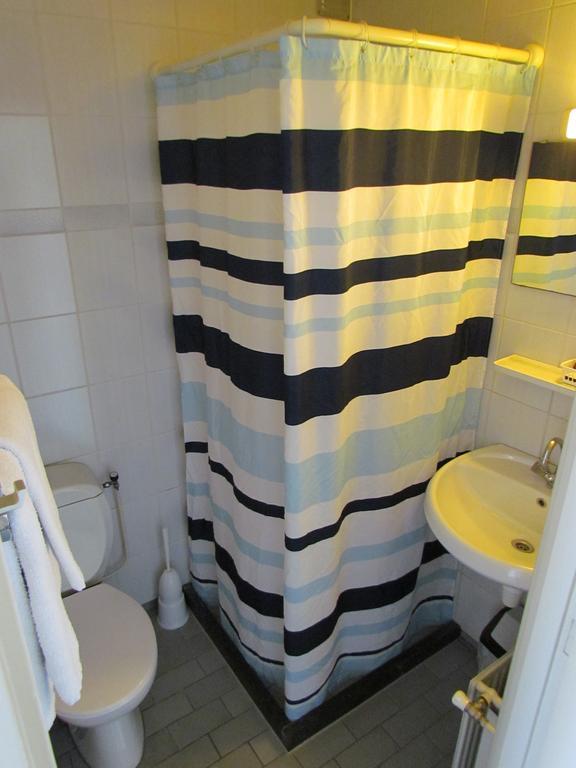 Hotel Cafe Woud Den Helder Quarto foto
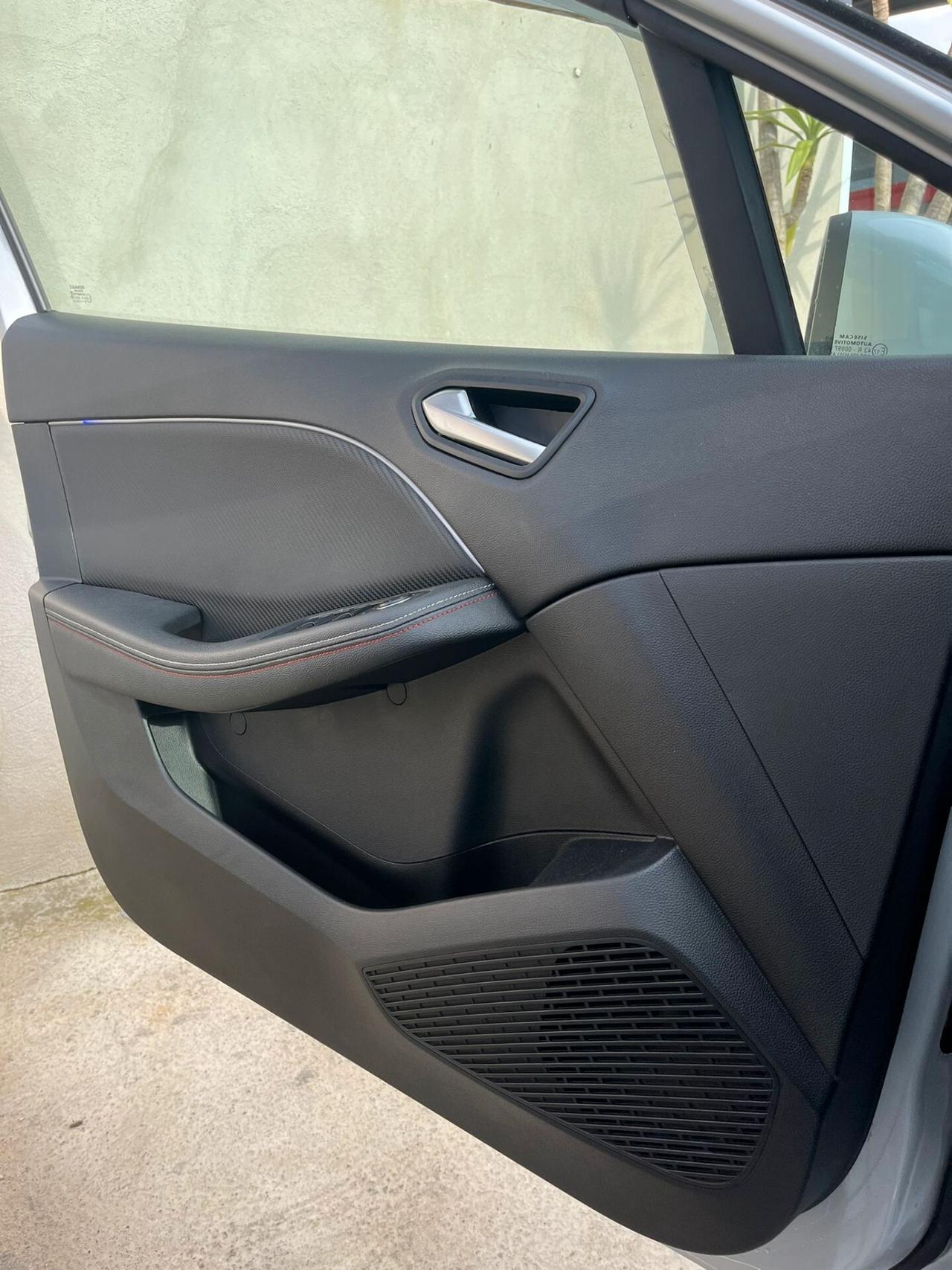 Renault Clio Full Hybrid E-Tech 140 CV 5 porte R.S. Line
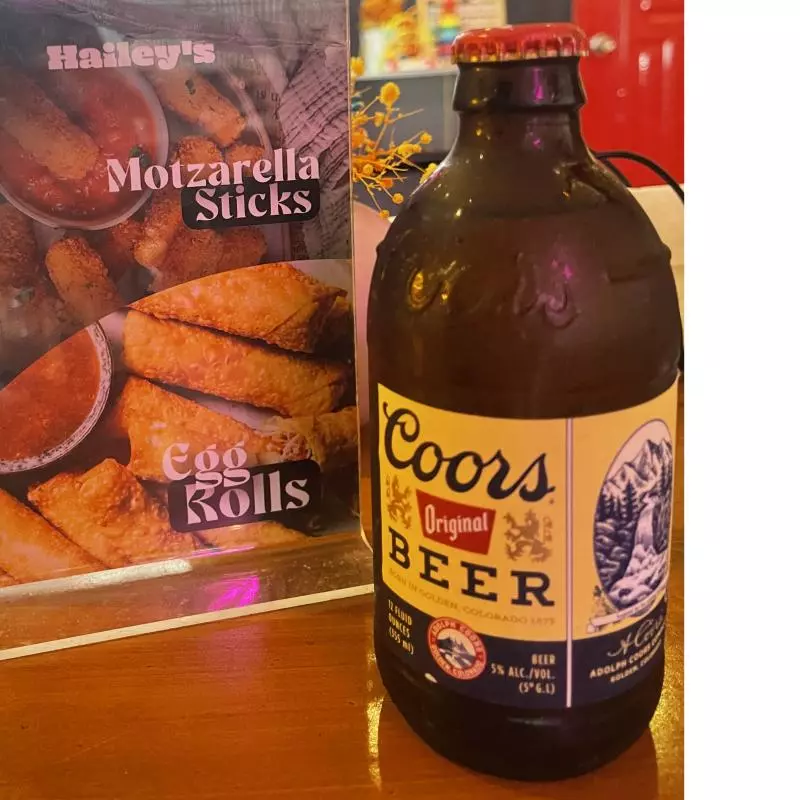 Coors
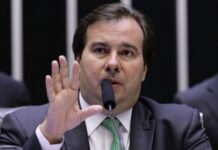 Maia indica que eleição municipal será adiada, mas sem prorrogação de mandatos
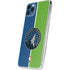 NBA Minnesota Timberwolves Canvas iPhone 11 Pro Max Skin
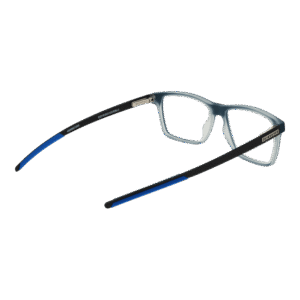 Frontansicht der Quiksilver Brille EQYEG03122 EBLU – Rahmen Nylon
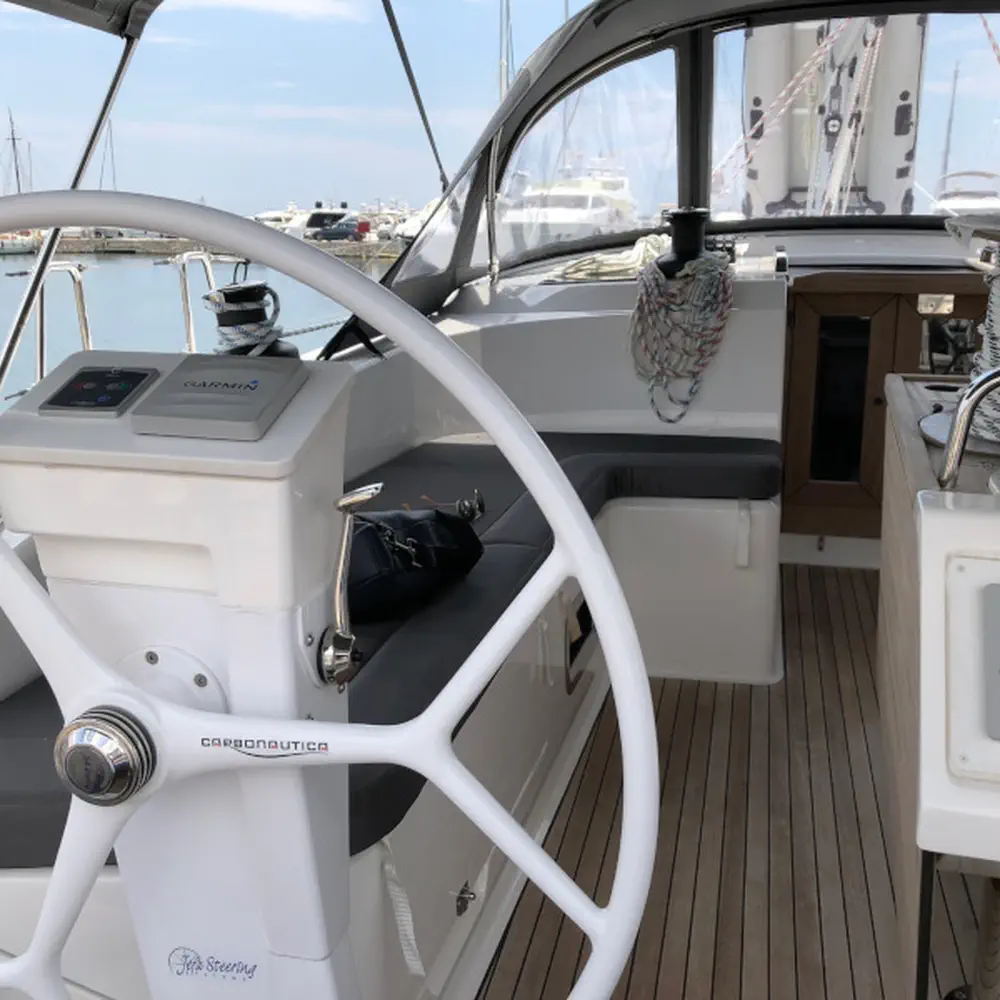 Alma Libre III 21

*Directions for this task*
What is needed is a word-for-word copy of the data, minus its pictures.

*Problem solution*
 Hotel Cafe Woud Den Helder Quarto foto
 Renault Clio Full Hybrid E-Tech 140 CV 5 porte R.S. Line
 Coors
 Maia indica que eleição municipal será adiada, mas sem prorrogação de mandatos
 NBA Minnesota Timberwolves Canvas iPhone 11 Pro Max Skin
 Frontansicht der Quiksilver Brille EQYEG03122 EBLU – Rahmen Nylon
 Alma Libre III 21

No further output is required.